Uitgangspunten hierbij zijn:

  • De focus ligt op woonkosten. Dat is meestal veruit de grootste kostenpost in een huishouden.
  • Bij aanvragen wordt gekeken of sprake is van ‘onvoorziene en onvermijdelijke’ terugval in het inkomen en naar draagkracht, hetgeen de verhouding betreft tussen het inkomen en vermogen van het huishouden en de noodzakelijke kosten. Met betrekking tot het inkomen is het actuele inkomen het uitgangspunt.
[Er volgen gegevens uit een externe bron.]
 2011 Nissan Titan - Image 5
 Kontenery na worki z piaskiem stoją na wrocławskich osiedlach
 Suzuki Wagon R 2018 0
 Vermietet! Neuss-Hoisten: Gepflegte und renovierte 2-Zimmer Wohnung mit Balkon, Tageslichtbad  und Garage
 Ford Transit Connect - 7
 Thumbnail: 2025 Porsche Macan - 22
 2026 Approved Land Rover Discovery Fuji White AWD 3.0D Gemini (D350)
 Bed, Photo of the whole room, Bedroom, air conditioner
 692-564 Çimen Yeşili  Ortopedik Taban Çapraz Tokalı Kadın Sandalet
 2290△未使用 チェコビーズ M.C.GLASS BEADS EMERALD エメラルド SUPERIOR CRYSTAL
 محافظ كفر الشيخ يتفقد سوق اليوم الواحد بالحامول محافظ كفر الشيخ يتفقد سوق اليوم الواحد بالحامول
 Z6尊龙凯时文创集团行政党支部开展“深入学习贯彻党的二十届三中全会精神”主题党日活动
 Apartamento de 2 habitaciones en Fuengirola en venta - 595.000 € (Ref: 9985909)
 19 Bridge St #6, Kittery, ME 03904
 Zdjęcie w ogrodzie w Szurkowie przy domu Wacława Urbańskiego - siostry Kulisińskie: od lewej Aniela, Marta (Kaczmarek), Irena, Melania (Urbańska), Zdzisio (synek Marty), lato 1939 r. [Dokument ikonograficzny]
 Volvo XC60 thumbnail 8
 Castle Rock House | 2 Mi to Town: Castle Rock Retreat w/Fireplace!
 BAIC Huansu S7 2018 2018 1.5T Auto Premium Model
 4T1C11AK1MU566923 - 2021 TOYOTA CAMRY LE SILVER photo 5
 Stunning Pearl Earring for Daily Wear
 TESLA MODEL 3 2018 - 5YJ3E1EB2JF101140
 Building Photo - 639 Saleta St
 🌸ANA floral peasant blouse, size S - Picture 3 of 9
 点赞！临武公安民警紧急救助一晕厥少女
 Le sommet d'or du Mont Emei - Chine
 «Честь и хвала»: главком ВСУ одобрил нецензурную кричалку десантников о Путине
Wat betreft vermogen wordt alleen gekeken naar vermogen waar direct over beschikt kan worden. Vermogen dat vast zit in de eigen woning en pensioenen wordt bijvoorbeeld buiten beschouwing gelaten. Over een vrijstellingsgrens wordt nog gesproken.
  • Er moet nog een handreiking worden opgesteld, terwijl de ICT-systemen nog moeten worden aangepast. De verwachting is dat vanaf 1 maart 2021 steeds meer gemeenten hun TONK-loketten zullen openen.

Overige maatregelen

  • Er komt een regeling voor starters die tussen 1 januari en 1 juni 2020 een bedrijf zijn begonnen. De referentieperiode wordt het derde kwartaal van 2020. Het kabinet is voornemens hiervoor een loket te openen in mei. Starters tussen 1 januari en 15 maart komen ook voor de TVL in aanmerking in het eerste kwartaal van 2021, voor het tweede kwartaal van 2021 kan gebruik gemaakt worden van een aparte startersregeling. Starters kunnen ook gebruikmaken van de corona-overbruggingskredieten tot maximaal €35.000.
  • De voorraadvergoeding voor de detailhandel wordt verhoogd en verlengd. De subsidie wordt 21% op het vastelastenpercentage in de TVL, tot maximaal €200.000.
  • Er komt een garantiefonds voor evenementen, waarvan de precieze invulling nog uitgewerkt moet worden.
  • Het kabinet houdt rekening met het feit dat meer thuisgewerkt zal worden, daarom wordt de vormgeving van belastingmaatregelen onderzocht waarmee werkgevers thuiswerkkosten kunnen vergoeden. Ook wordt er gekeken naar de reiskostenvergoedingen. Werkgevers kunnen tot 1 april 2021 vaste reiskostenvergoedingen onbelast vergoeden.
  • Ondernemers kunnen in 2021 het gebruikelijk loon lager vaststellen indien zij te maken hebben met omzetdaling.
  • De vrije ruimte voor de werkkostenregeling wordt ook in 2021 voor de eerste € 400.000 loonsom per werkgever verhoogd van 1,7% naar 3%.